今回、真冬のニュージーランドのクイーンズタウンで開催されたドライビング体験「ASTON MARTIN on Ice」は、「Art of Living by Aston Martin」のプログラムのひとつだ。
宿泊したのは5つ星ホテルの「ブルックリゾート」。500エーカーの敷地内にゴルフコースといくつかのコテージが点在する。今回のイベントではこちらに2泊し、初日はアストンマーティンのドライビング体験、2日目はニュージランドらしいアクティビティが楽しめるプログラムだった。
注目すべきはドライビング体験だ。会場となったのは海抜1550mの高地にあるSHPG(サザン・ヘミスフィア・プルーヴィング・グラウンズ)。自動車メーカーがウインターテストをおこなうことでも有名な場所だ。ちなみに会場までの往復に使用されたのはなんとヘリコプターだった(天候による)。
到着後、まずはインストラクターからドライビングポジションやステアリング操作、アンダー/オーバーステアについてなどのレクチャーを受けた。そのあと、最新モデルのヴァンテージ(4.0リッターV8ツインターボ 510ps/685Nm 8AT)やDB11ヴォランテ(4.0リッターV8ツインターボ510ps/675Nm 8AT)、DB11クーペ(5.2 リッター V12エンジン608ps/700Nm 8AT)が待つ、”on Ice”へ移動する。
ちなみに今回のドライビング体験では全車DSC(横滑り防止装置)はOFFにした。とはいえ、スタッドタイヤ(スパイク付タイヤ)を装着しているから、氷の上で「ガリガリッ」とグリップを確保するのも比較的イージーだ。広大な敷地には8の字をふくむ軌跡のバリエーションに富んだスラローム、氷盤のスキッドパッドなどが用意され、飽きることがなかった。
「退屈って思うかもしれないけれど、まずはアンダーステアの体験からしてみよう」と、インストラクターが話す。彼らはアストンマーティンのレーシングチームでレース参戦経験のあるドライバーだ。シンプルな単語を選び、アドバイスしてくれるのでわかりやすい。
アンダーステアを意図的につくる体験を通し、「なぜ、どんな操作をしたときにアンダーステアになるのか」を知ったうえで、次のオーバーステア体験に臨む。

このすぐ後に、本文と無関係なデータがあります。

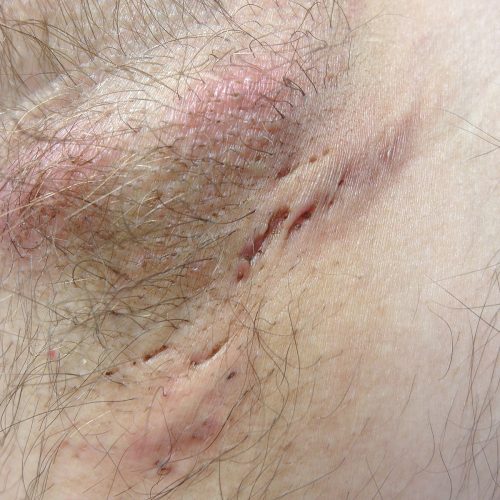 Acne inversa mit Abszess im Stadium II.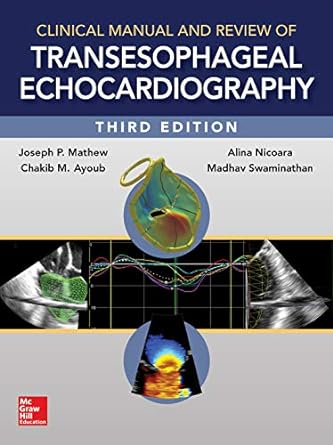 Clinical manual and review of transesophageal echocardiography /
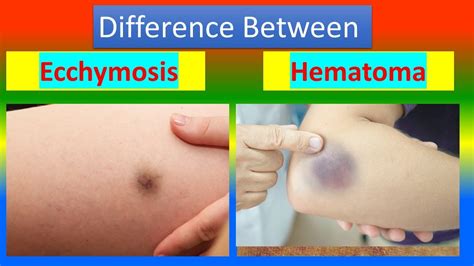 Ecchymosis Vs Bruise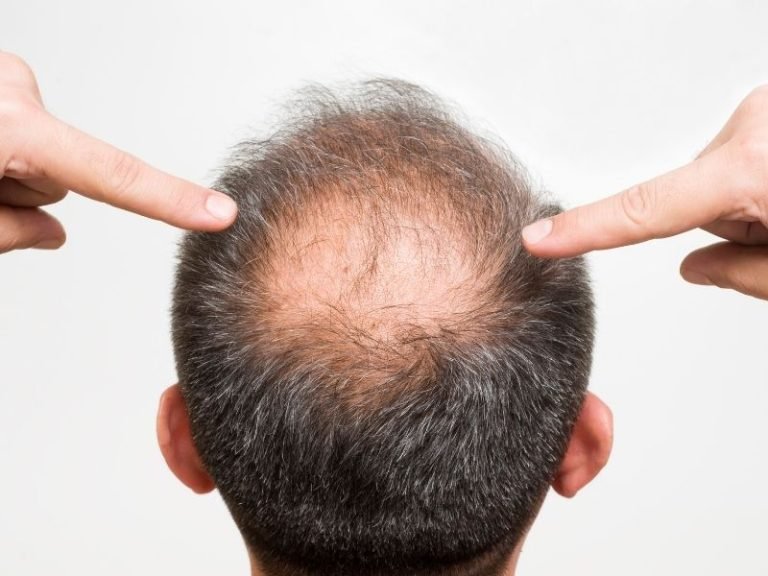 Tricologista para homens em São Paulo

参加者の多くが期待するオーバーステア=ドリフト走行の体験に使用したのは500psないしは600psオーバーの大パワー・エンジンを搭載する後輪駆動モデル。スキッドコントロールが相当難しいのでは?と思った。アクセルコントロールを間違えればすぐにスピンしてしまうだろうし、また、アクセルを踏むタイミングを間違えれば、たちまちフロントタイヤから滑り出し、アンダーステアを誘発してしまうはずだ。

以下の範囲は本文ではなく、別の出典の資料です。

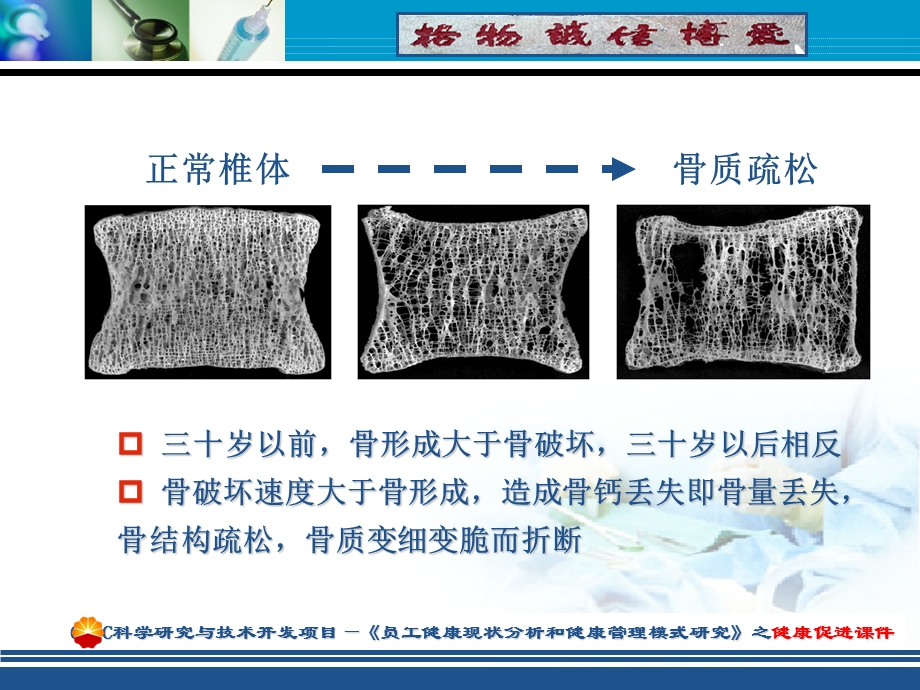 骨质疏松的健康管理.ppt.ppt_第2页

しかし、あらゆる心配は杞憂に終わった。想像以上に安定した走りによって、ドリフト走行を存分に楽しませてくれたからだ。
どのモデルもアクセルペダルを2センチ前後踏むだけで、氷上でのコントロールは容易だった。優れたエンジンレスポンスがあるのはすべてのパワーユニットに共通していた。V12エンジンは実に滑らかで、張りのあるトルクがどこからでも得られた。V8ツインターボはターボについてはラグが気になっていたが、実際に運転するとターボ車であることを忘れるくらいナチュラルなフィーリングだった。
最新アストンマーティンに共通する挙動コントロールのしやすさはサーキットでも確認済みだったけれど、氷上というはるかに滑りやすいコンディションでは、そのことがさらに際立って実感出来たのであった。
ちなみに、あらゆる試乗車のなかでもっとも印象的だったのは最新のヴァンテージだった。DB11に比べるとボディがよりコンパクトで、かつV8エンジンを搭載するので鼻先も軽い。車両重心を下げ、前後重量配分50:50にこだわったことも功を奏して、氷上でのコントロール性は抜群だった。
静寂に包まれた白銀の世界に雪煙を巻き上げながら轟くアストンのエンジン。そしてコントロール自在のパフォーマンス……。まるで動き吠える“アート”そのものだ。「Art of Living by Aston Martin」(アストン・マーティンによる生活芸術)という標榜にいつわりはなかった。